Karl Buscher, President of PSG, said the acquisition adds complementary technologies to PSG’s pump portfolio to serve customers across various strategic end markets.
Dover, headquartered in Illinois, is a diversified global manufacturer with annual revenue exceeding $7 billion. The company operates through five segments: Engineered Products, Clean Energy & Fueling, Imaging & Identification, Pumps & Process Solutions, and Climate & Sustainability Technologies.
The company employs approximately 24,000 people globally and trades on the New York Stock Exchange under the ticker DOV.
In other recent news, Dover Corporation reported its first-quarter 2025 earnings, exceeding analysts’ expectations with an adjusted earnings per share (EPS) of $2.05, surpassing the projected $1.99. Despite a minor revenue shortfall, with earnings of $1.87 billion against the anticipated $1.88 billion, the company’s strategic direction and operational resilience have maintained investor confidence. Additionally, Dover has completed the acquisition of SIKORA AG, which will be integrated into its MAAG operating unit within the Pumps & Process Solutions segment. No financial details of the acquisition were disclosed, but the transaction aligns with Dover’s strategy to enhance its portfolio.

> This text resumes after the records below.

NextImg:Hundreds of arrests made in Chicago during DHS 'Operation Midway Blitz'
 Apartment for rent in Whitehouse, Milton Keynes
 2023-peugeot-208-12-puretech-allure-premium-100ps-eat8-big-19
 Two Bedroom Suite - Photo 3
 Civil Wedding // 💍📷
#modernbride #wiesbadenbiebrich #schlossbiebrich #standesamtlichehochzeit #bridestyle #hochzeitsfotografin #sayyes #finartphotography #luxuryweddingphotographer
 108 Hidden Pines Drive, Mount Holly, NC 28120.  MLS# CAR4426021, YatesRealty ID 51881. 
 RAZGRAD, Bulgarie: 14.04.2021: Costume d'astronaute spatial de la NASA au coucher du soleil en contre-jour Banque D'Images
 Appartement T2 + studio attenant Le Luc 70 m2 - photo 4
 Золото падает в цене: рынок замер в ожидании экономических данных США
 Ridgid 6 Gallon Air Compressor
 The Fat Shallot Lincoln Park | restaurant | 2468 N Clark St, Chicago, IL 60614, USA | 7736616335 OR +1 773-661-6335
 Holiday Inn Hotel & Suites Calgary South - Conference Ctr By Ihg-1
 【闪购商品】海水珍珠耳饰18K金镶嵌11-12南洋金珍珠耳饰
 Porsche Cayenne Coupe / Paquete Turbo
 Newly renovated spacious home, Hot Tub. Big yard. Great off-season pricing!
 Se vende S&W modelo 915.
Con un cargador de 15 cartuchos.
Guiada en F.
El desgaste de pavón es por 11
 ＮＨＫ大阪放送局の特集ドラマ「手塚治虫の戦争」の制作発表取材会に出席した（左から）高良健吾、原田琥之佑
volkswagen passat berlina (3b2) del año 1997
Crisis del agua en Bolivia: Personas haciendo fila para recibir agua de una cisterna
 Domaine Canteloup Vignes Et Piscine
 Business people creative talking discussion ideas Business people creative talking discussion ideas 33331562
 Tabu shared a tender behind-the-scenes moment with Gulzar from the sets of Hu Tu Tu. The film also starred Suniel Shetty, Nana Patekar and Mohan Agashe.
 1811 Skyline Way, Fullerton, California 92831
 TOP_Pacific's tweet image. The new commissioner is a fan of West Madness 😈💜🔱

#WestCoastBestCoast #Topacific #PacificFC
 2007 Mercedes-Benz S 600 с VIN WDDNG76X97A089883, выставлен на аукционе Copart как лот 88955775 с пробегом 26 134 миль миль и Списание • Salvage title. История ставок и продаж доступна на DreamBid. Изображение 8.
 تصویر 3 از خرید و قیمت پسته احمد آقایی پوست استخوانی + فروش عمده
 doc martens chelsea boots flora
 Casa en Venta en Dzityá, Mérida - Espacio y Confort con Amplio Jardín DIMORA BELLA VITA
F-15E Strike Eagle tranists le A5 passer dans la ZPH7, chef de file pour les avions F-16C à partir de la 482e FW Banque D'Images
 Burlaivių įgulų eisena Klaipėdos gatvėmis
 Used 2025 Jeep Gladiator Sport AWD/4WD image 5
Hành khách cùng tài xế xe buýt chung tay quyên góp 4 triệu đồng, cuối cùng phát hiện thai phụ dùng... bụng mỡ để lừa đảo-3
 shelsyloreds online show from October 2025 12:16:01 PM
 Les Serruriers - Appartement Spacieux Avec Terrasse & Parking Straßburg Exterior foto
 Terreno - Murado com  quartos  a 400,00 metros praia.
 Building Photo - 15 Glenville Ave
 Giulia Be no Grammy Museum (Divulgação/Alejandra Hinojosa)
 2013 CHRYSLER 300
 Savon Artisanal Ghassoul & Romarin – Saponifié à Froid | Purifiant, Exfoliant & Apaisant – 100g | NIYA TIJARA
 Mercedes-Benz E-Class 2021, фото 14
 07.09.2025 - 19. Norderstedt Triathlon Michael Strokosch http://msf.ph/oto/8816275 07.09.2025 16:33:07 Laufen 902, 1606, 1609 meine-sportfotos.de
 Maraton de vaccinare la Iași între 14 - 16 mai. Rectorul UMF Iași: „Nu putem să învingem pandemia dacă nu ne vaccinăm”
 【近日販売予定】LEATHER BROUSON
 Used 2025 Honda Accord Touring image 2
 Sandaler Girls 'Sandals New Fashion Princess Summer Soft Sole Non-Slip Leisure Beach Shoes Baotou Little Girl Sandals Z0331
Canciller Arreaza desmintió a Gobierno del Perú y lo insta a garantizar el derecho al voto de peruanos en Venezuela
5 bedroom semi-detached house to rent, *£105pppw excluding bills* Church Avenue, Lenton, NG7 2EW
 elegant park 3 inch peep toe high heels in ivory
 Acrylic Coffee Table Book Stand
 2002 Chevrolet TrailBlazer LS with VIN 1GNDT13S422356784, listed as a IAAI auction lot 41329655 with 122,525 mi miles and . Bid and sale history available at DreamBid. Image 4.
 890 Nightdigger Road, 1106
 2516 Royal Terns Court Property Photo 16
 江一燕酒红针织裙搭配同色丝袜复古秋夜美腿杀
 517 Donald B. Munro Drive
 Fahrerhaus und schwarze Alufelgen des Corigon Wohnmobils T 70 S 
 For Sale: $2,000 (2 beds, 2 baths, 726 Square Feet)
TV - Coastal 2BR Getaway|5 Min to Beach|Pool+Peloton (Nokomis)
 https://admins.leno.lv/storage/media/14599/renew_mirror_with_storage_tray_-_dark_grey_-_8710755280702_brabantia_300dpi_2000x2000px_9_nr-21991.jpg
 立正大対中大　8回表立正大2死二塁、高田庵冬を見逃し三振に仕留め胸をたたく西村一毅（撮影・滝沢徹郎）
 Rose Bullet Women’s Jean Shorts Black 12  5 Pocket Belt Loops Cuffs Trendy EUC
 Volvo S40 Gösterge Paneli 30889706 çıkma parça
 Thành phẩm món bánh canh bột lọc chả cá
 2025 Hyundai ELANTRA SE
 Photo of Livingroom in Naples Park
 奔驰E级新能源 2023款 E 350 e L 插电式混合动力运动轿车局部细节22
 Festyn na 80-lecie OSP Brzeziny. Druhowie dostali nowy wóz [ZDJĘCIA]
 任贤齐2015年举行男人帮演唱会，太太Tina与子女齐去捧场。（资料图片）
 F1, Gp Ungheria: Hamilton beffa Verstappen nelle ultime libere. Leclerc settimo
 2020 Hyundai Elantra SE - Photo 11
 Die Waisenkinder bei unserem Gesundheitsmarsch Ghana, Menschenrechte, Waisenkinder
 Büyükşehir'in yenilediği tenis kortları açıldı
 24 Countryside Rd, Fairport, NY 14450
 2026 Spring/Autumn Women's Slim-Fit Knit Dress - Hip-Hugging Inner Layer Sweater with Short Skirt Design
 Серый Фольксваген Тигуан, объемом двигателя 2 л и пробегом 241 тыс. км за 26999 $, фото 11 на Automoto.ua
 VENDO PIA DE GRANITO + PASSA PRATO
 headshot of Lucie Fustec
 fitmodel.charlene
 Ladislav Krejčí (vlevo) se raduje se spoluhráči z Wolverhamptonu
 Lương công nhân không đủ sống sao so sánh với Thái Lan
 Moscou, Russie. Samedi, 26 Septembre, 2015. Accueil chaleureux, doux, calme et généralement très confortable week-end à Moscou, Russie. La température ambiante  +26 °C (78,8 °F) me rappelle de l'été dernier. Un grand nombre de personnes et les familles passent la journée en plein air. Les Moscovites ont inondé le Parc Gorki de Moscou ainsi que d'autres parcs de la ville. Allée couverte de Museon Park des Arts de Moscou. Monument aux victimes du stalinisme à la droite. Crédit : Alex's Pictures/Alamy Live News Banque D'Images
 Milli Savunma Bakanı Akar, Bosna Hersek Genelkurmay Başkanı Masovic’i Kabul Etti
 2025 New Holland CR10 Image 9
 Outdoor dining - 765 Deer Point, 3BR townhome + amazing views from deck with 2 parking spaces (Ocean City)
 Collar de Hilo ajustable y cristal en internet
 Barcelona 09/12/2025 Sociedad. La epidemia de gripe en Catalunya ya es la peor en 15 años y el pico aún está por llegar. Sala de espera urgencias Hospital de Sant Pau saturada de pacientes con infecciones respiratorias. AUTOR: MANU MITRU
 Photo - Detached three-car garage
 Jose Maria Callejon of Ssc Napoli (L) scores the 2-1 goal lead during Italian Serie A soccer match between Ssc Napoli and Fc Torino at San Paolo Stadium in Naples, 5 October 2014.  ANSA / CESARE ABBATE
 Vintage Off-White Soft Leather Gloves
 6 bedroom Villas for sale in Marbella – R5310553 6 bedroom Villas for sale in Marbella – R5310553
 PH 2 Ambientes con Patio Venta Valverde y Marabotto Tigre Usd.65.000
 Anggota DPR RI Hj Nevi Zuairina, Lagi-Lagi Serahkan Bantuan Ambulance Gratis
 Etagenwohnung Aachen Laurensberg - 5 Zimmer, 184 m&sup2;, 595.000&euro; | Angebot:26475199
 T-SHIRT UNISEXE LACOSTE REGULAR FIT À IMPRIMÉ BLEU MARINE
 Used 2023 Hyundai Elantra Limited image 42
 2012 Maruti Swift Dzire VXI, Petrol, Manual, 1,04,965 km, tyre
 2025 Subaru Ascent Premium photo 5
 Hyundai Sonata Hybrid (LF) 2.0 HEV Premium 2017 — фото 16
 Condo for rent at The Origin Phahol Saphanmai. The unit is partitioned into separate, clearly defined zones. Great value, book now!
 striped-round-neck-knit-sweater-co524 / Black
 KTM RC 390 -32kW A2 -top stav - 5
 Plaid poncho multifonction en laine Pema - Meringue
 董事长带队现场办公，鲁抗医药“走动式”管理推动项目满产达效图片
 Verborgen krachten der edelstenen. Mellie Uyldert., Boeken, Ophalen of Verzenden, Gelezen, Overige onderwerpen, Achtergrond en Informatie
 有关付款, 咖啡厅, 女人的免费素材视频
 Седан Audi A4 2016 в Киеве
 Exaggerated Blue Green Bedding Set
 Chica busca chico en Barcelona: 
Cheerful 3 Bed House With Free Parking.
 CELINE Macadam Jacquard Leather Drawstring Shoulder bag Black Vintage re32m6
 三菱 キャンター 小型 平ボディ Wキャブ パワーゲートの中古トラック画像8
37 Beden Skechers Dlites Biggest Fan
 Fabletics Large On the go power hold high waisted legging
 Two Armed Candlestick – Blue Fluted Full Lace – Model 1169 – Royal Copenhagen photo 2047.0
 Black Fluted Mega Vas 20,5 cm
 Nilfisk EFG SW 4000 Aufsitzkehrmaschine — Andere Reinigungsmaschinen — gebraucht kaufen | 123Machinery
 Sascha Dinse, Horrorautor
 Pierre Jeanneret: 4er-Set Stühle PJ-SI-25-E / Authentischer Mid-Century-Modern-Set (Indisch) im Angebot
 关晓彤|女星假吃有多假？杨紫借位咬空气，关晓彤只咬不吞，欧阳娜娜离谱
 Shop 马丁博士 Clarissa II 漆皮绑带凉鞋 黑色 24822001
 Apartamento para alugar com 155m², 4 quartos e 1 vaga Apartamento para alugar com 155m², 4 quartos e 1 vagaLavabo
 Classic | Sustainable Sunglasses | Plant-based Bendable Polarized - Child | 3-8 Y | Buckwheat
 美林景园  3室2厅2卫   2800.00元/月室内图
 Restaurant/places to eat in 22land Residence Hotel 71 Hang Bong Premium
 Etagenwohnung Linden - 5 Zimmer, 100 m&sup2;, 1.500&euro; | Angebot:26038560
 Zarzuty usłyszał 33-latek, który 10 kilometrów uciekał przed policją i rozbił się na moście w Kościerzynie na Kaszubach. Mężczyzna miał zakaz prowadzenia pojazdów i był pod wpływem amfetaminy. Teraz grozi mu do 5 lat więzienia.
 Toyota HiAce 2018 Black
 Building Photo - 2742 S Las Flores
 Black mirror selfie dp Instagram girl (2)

Analysts have been active in assessing Dover’s prospects, with Mizuho raising its price target to $225.00 from $215.00, maintaining an Outperform rating. The firm cited Dover’s derisked 2025 guide and portfolio improvements through mergers and acquisitions as key factors. Meanwhile, Goldman Sachs reiterated a Buy rating with a $199.00 price target, noting Dover’s adjusted segment EBIT was 6% higher than anticipated, driven by strong performances in the DPPS and DCEF segments. However, Dover has revised its adjusted FY25 EPS guidance to $9.20 to $9.40, down from the previous range of $9.30 to $9.50, due to tariff impacts and a slight decrease in organic growth expectations. The company plans to counter these challenges with price increases and strategic adjustments.